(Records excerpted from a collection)

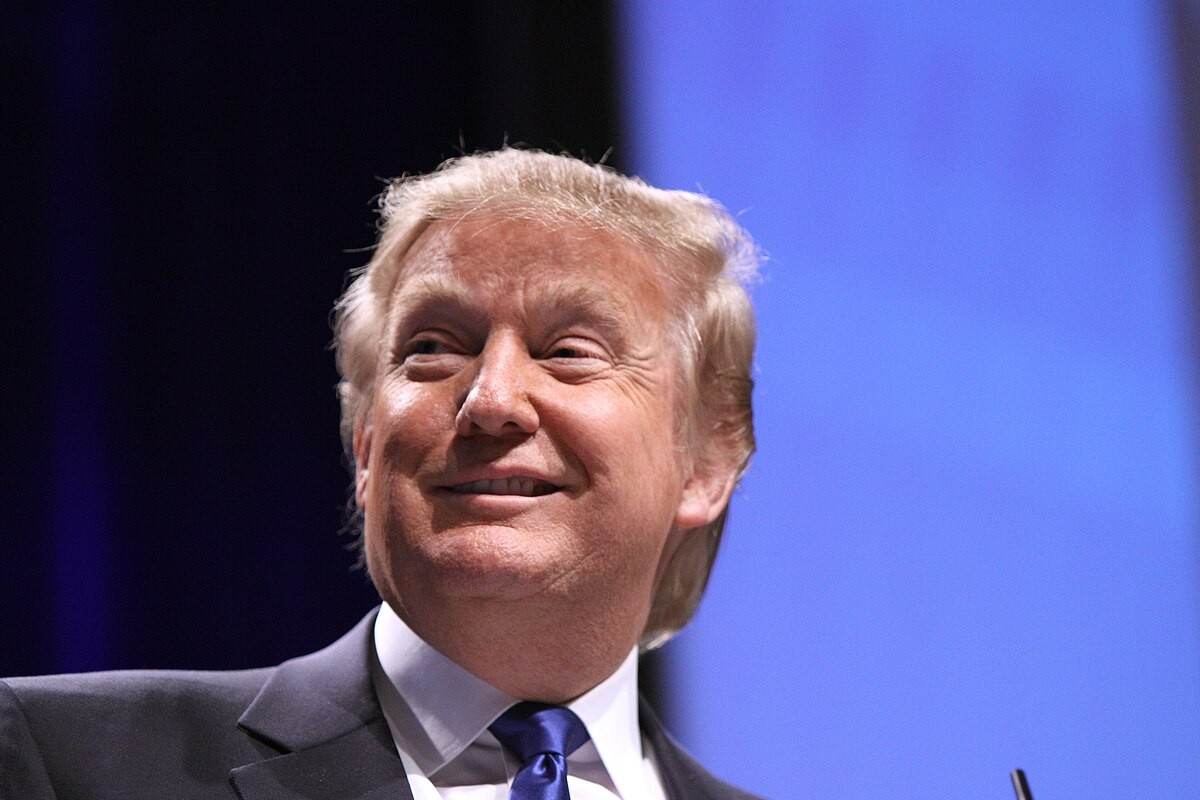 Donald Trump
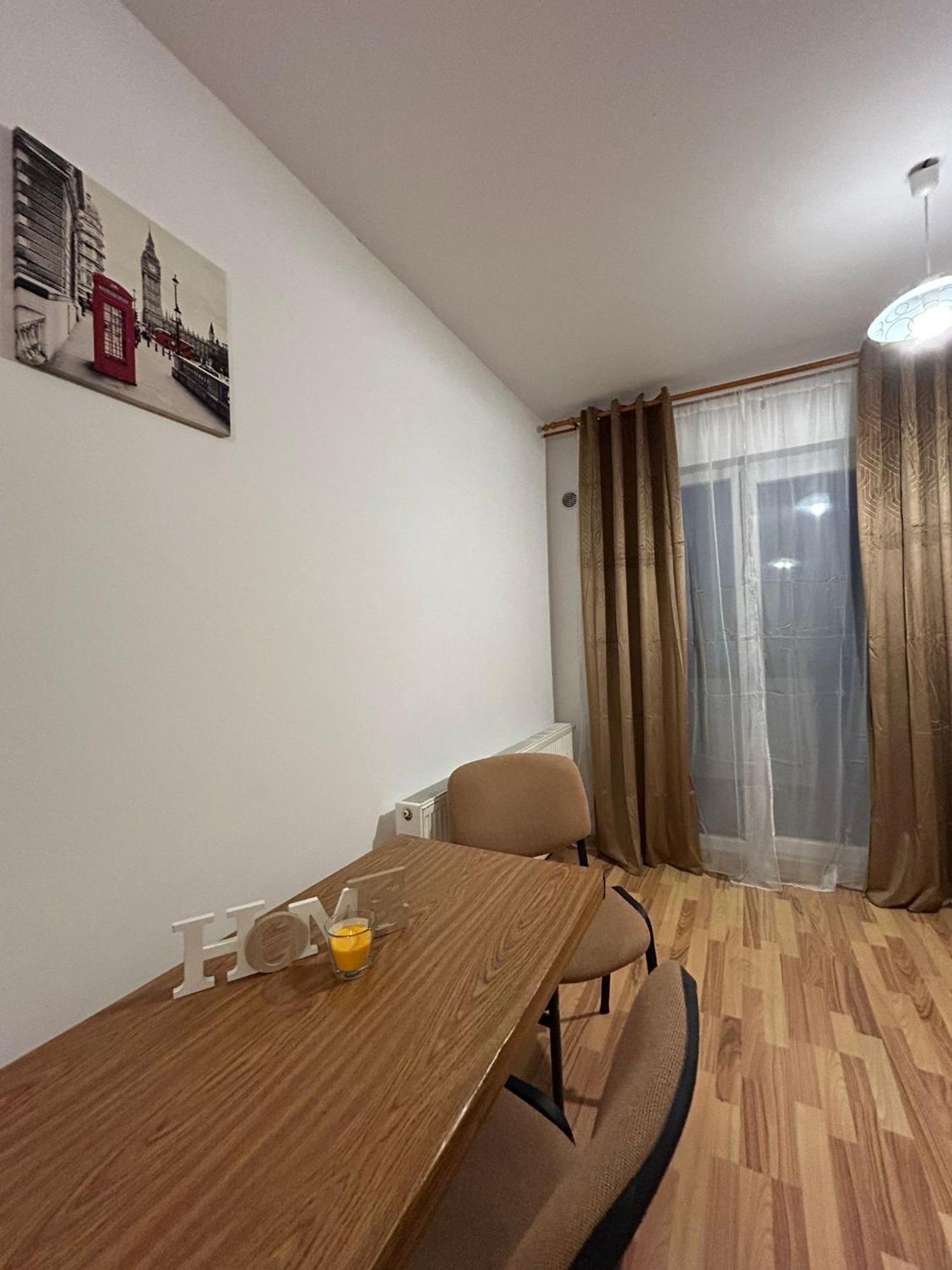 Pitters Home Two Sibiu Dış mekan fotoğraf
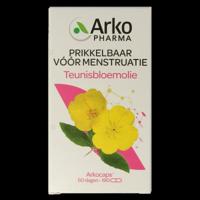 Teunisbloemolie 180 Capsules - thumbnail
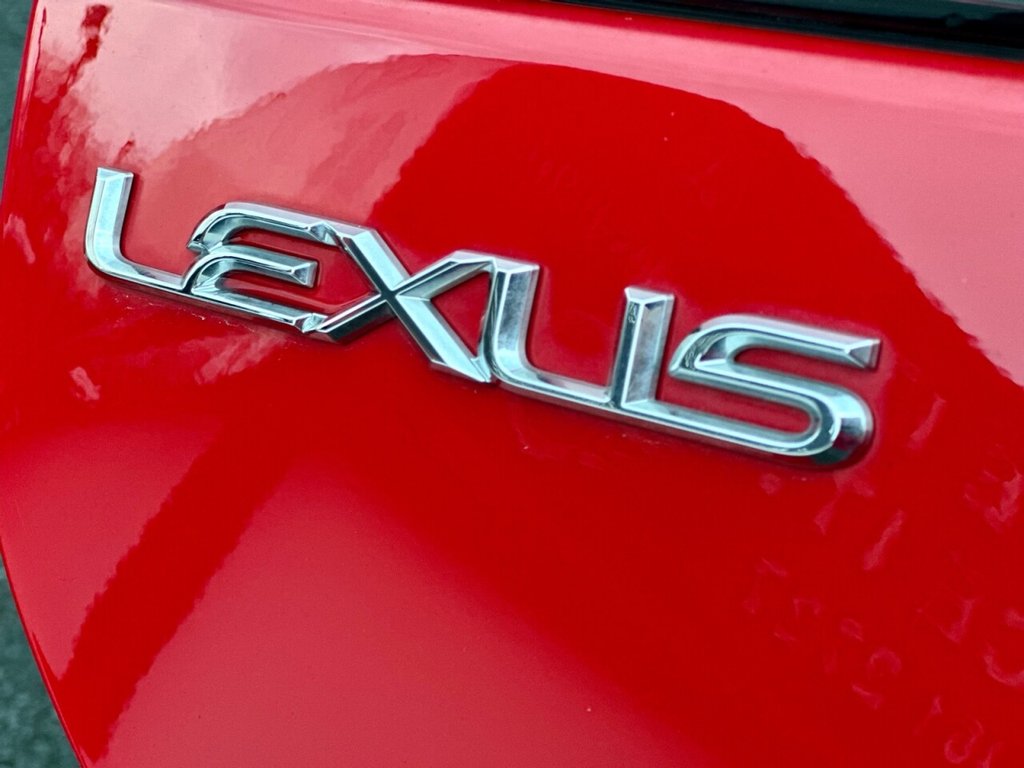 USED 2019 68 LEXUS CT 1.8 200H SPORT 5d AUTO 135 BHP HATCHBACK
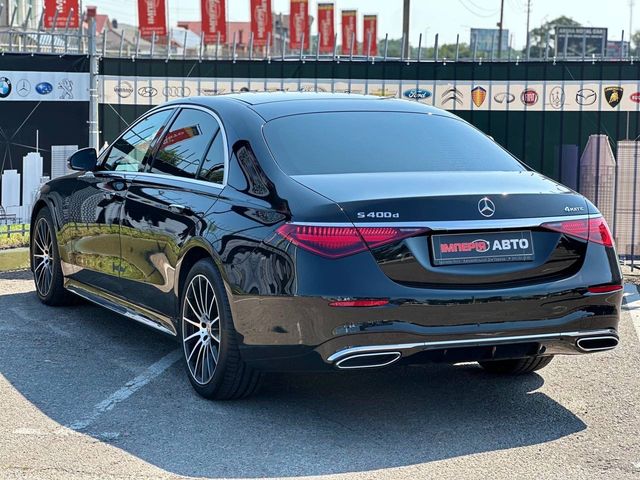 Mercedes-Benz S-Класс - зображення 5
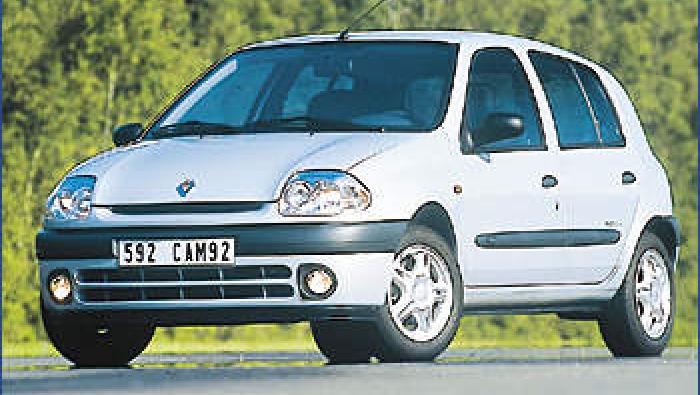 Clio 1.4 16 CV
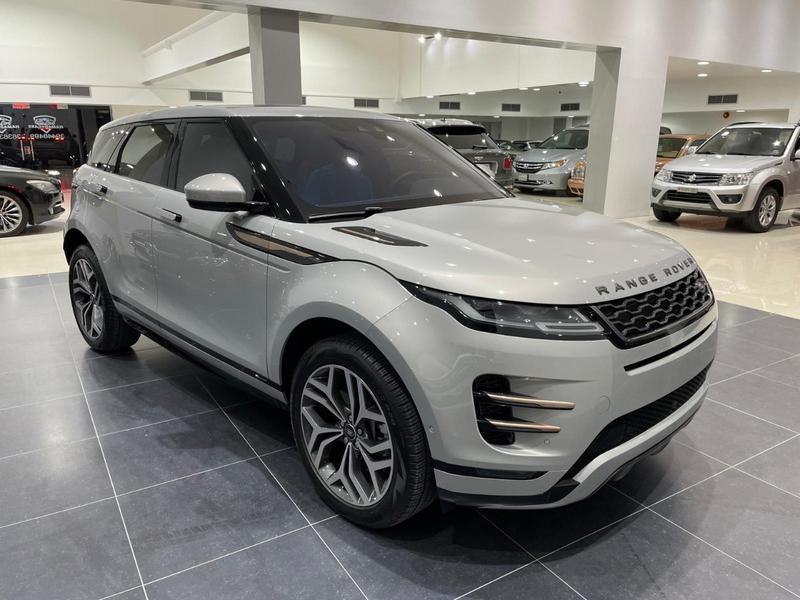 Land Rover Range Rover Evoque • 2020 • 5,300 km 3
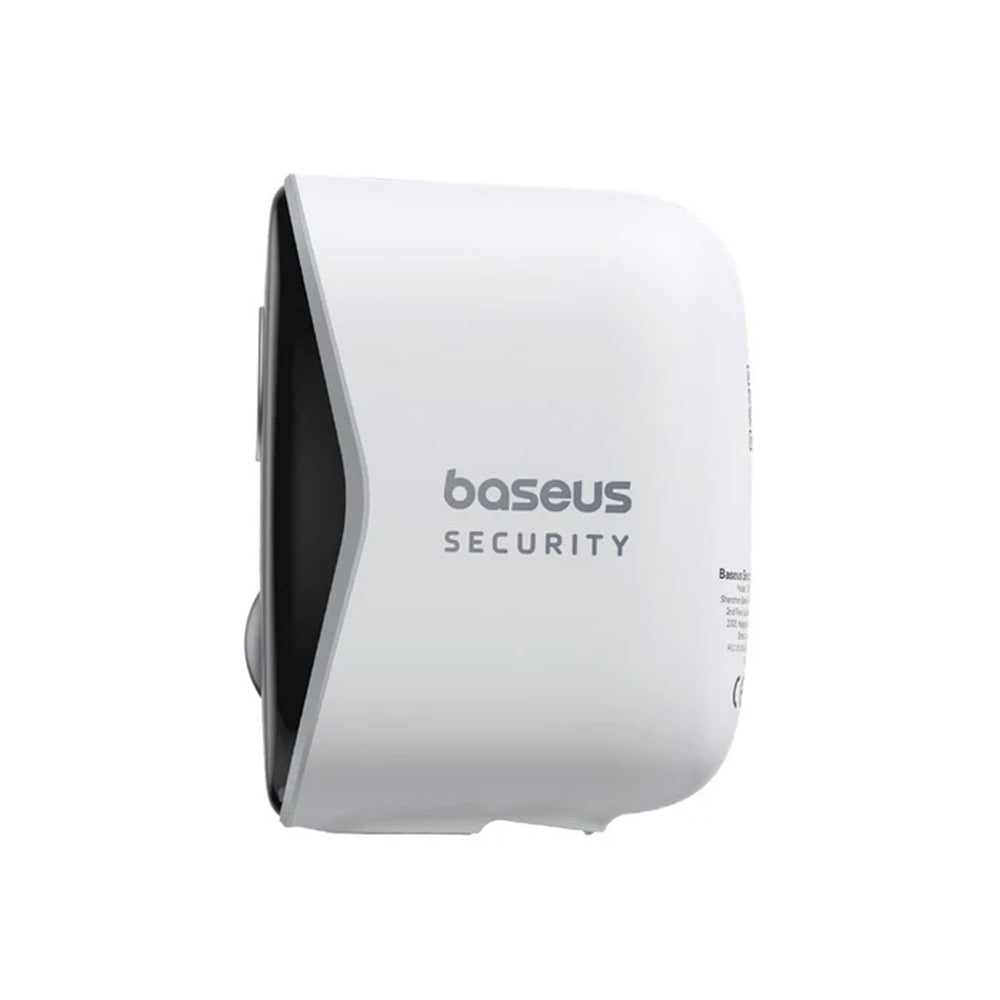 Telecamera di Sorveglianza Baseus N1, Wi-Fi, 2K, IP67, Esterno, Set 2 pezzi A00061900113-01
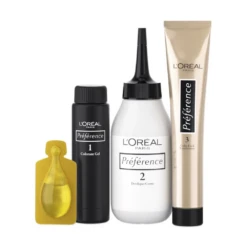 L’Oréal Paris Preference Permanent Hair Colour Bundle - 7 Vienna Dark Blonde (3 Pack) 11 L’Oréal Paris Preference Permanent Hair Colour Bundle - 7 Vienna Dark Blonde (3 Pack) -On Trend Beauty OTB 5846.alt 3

**About this exercise:**
The data must be repeated exactly. Any pictures in it are to be left out.

**Solution to the problem:**
 Donald Trump
 Pitters Home Two Sibiu Dış mekan fotoğraf
 Teunisbloemolie 180 Capsules - thumbnail
 USED 2019 68 LEXUS CT 1.8 200H SPORT 5d AUTO 135 BHP HATCHBACK
 Mercedes-Benz S-Класс - зображення 5
 Clio 1.4 16 CV
 Land Rover Range Rover Evoque • 2020 • 5,300 km 3
 Telecamera di Sorveglianza Baseus N1, Wi-Fi, 2K, IP67, Esterno, Set 2 pezzi A00061900113-01
 L’Oréal Paris Preference Permanent Hair Colour Bundle - 7 Vienna Dark Blonde (3 Pack) 11 L’Oréal Paris Preference Permanent Hair Colour Bundle - 7 Vienna Dark Blonde (3 Pack) -On Trend Beauty OTB 5846.alt 3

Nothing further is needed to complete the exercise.